------ Given material ------

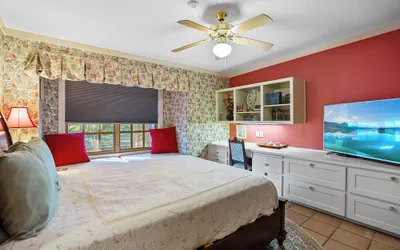 Photo 3 - 7br Home w/ Pool - Perfect for Family Reunions
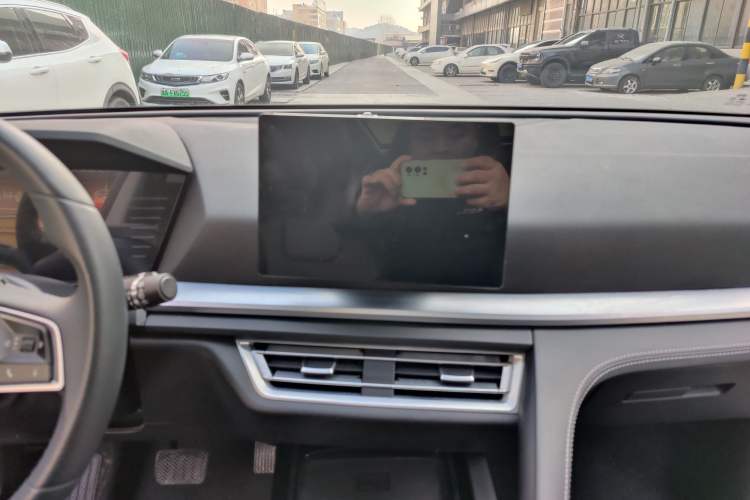 Used BYD Song Pro 2021 1.5T Automatic Elite Edition Interior 3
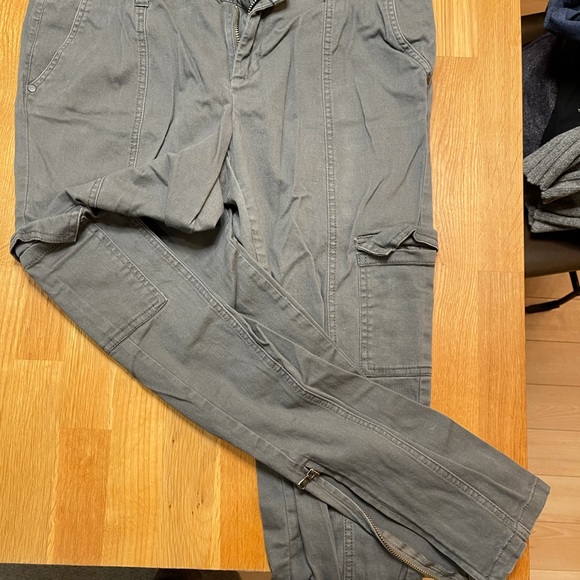 Kenneth Cole cargo pants - Picture 3 of 3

------

> [Goal of the exercise] Without the pictures, retype the whole of the material above exactly.

> [Output of the task]
 Photo 3 - 7br Home w/ Pool - Perfect for Family Reunions
 Used BYD Song Pro 2021 1.5T Automatic Elite Edition Interior 3
 Kenneth Cole cargo pants - Picture 3 of 3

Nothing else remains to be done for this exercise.